MDL crash/fails when markdown file contains UTF-8 characters #502

RochaStratovan · 2024-05-15T22:28:02Z

Description

Running mdl against a markdown file that contains utf-8 characters causes it to fail/crash.

Environment

Ubuntu 20 Linux docker container running in GitLab pipeline.

MDL Version
0.12.0

Expected Behavior

It should process the UTF-8 characters/file without a problem.

Actual Behavior

It fails/crashes with the following error output

$ mdl --git-recurse .
/var/lib/gems/2.7.0/gems/mdl-0.12.0/lib/mdl/doc.rb:39:in `split': invalid byte sequence in UTF-8 (ArgumentError)
	from /var/lib/gems/2.7.0/gems/mdl-0.12.0/lib/mdl/doc.rb:39:in `initialize'
	from /var/lib/gems/2.7.0/gems/mdl-0.12.0/lib/mdl/doc.rb:52:in `new'
	from /var/lib/gems/2.7.0/gems/mdl-0.12.0/lib/mdl/doc.rb:52:in `new_from_file'
	from /var/lib/gems/2.7.0/gems/mdl-0.12.0/lib/mdl.rb:90:in `block in run'
	from /var/lib/gems/2.7.0/gems/mdl-0.12.0/lib/mdl.rb:82:in `each'
	from /var/lib/gems/2.7.0/gems/mdl-0.12.0/lib/mdl.rb:82:in `run'
	from /var/lib/gems/2.7.0/gems/mdl-0.12.0/bin/mdl:10:in `<top (required)>'
	from /usr/local/bin/mdl:23:in `load'
	from /usr/local/bin/mdl:23:in `<main>'

Replication Case

Run mdl against a file such as the following:
README.md

It renders fine as illustrated in the screen shot from GitLab.

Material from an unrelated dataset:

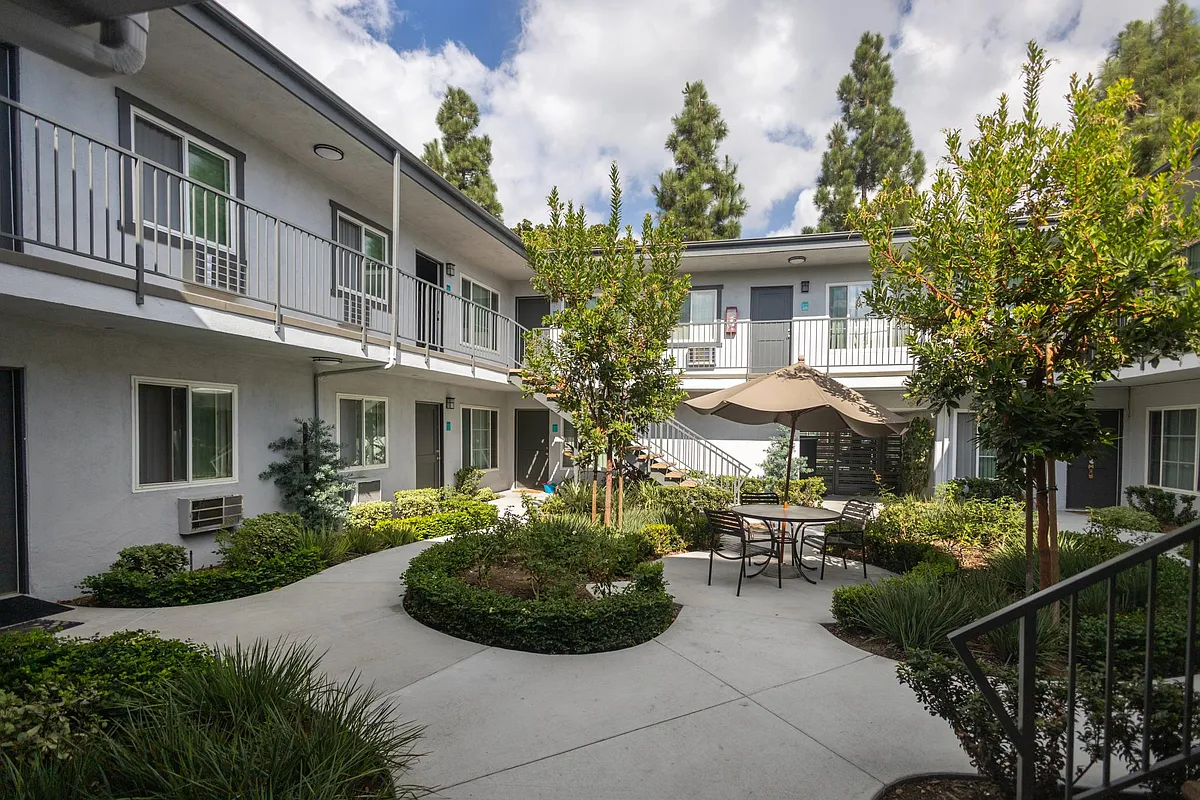 Building Photo - Magnolia Tree Apartments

The text was updated successfully, but these errors were encountered:

nbehrnd · 2024-05-16T07:50:25Z

@RochaStratovan Can you update/request an update to MDL 0.13.0, released in October 2023?

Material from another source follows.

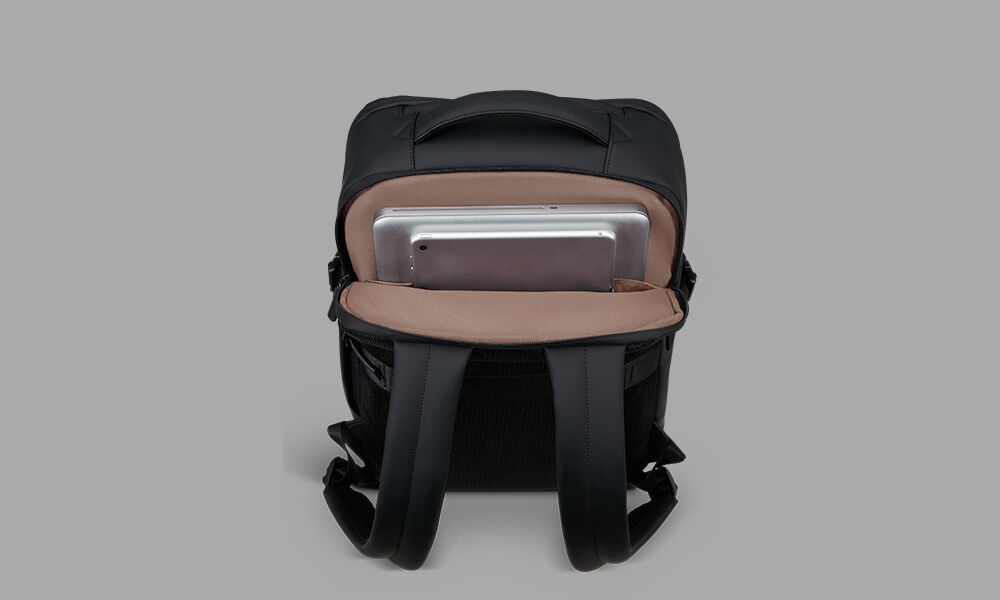 Compartiment ordinateur et tablette ouvert du sac à dos Lipault Pro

With this version in hand, both your README.md file as well as a toy test file (cf. archive attached below) don't report a problem.

2024-05-16_test_mdl.zip

RochaStratovan · 2024-05-16T14:59:09Z

Will do. Thank you.

RochaStratovan · 2024-05-16T17:05:12Z

Hmmmmmm..... so I agree it doesn't happen for the README.md file I posted. I was also able to reproduce it within my environment with that file, and now with MDL.0.13.0 it passes.

However, it is still failing with my full README.md file. I'm trying to figure out more to share with you.

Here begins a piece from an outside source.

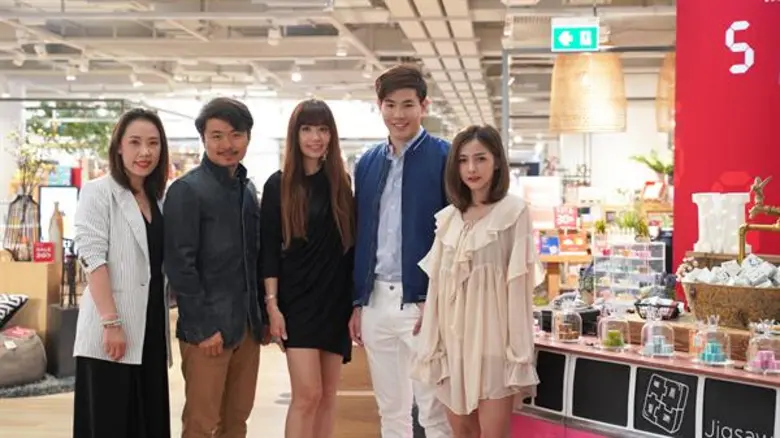 คุณตรีรัก รักการดี (กลาง) กรรมการผู้จัดกา...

RochaStratovan · 2024-05-16T17:30:45Z

@nbehrnd,

It seems like it's getting a UTF-8 failure on a different README.md file now.

The problem no longer happens for that "small" example, but it's still happening on my larger files. I started the "minification" process again to find the problem.

Updated file:
README_new.md

Updated failure message

rocha@e20c13008e8e:~/JRRTEST2$ mdl README_new.md
Traceback (most recent call last):
        9: from /usr/local/bin/mdl:23:in `<main>'
        8: from /usr/local/bin/mdl:23:in `load'
        7: from /var/lib/gems/2.7.0/gems/mdl-0.13.0/bin/mdl:10:in `<top (required)>'
        6: from /var/lib/gems/2.7.0/gems/mdl-0.13.0/lib/mdl.rb:83:in `run'
        5: from /var/lib/gems/2.7.0/gems/mdl-0.13.0/lib/mdl.rb:83:in `each'
        4: from /var/lib/gems/2.7.0/gems/mdl-0.13.0/lib/mdl.rb:91:in `block in run'
        3: from /var/lib/gems/2.7.0/gems/mdl-0.13.0/lib/mdl/doc.rb:52:in `new_from_file'
        2: from /var/lib/gems/2.7.0/gems/mdl-0.13.0/lib/mdl/doc.rb:52:in `new'
        1: from /var/lib/gems/2.7.0/gems/mdl-0.13.0/lib/mdl/doc.rb:39:in `initialize'
/var/lib/gems/2.7.0/gems/mdl-0.13.0/lib/mdl/doc.rb:39:in `split': invalid byte sequence in UTF-8 (ArgumentError)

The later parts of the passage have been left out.